Le rôle des voies romaines est resté prépondérant si l’on en juge par les objets retrouvés dans les sépultures, importés de pays lointains (Rhénanie, Espagne, Angleterre et Moyen-Orient). C’est aussi par la Meuse, navigable de la Belgique à Saint-Mihiel et doublée d’une voie terrestre qu’ont été transportés les lourds sarcophages extraits dans les carrières du Perthois.
La circulation monétaire, désormais aux mains de nombreux monnayeurs, sans atteindre le volume des échanges à l’époque gallo-romaine, est attestée par le trésor monétaire de Saint-Aubin. En outre, les marchands de Verdun se portent garants, dans la première moitié du VIe siècle, des 7 000 pièces d’or prêtées par Théodebert aux notables.
Longtemps unique marqueurs l’occupation du sol, les nécropoles, fort nombreuses, n’ont pas été rationnellement explorées, loin s’en faut, si l’on excepte principalement celles de Lavoye, Dieue-sur-Meuse et plus récemment Velaines.

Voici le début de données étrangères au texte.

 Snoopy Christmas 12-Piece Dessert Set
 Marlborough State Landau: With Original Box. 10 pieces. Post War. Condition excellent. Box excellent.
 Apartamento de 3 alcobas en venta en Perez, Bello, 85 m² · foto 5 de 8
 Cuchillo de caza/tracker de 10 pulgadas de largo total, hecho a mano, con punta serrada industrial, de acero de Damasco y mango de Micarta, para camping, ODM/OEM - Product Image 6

Leur répartition montre une certaine continuité dans l’occupation des bons terroirs : vallées, versants de côtes, au détriment des terres lourdes à cultiver, comme la Woëvre. D’importance inégale, les nécropoles peuvent compter de quelques dizaines de tombes à 367 à Lavoye et peut-être 1 000 à Eix, selon des estimations anciennes.
Certaines d’entre-elles montrent une occupation dès l’Antiquité tardive (IVe s.), ainsi à Dieue-sur-Meuse et à Lavoye, le pic d’utilisation se situant aux VIe et VIIe siècles. Les tombes, en rangées plus ou moins lâches et orientées vers l’est, sont creusées dans le substrat, le corps pouvant être placé dans une enveloppe périssable, progressivement remplacé par un coffre de bois ou un sarcophage, à partir du milieu du VIe siècle. La pratique de « l’inhumation habillée » consistait à déposer l’individu avec ses vêtements et accessoires, armes pour les hommes, parure pour les femmes. De la fin du Ve siècle à la fin du VIe siècle, une nette hiérarchie sociale transparaît à travers les dépôts funéraires. Elle s’atténue nettement au VIIe siècle. Au VIIIe siècle, l’abandon de l’inhumation habillée est généralisé, nous privant de moyens de datation.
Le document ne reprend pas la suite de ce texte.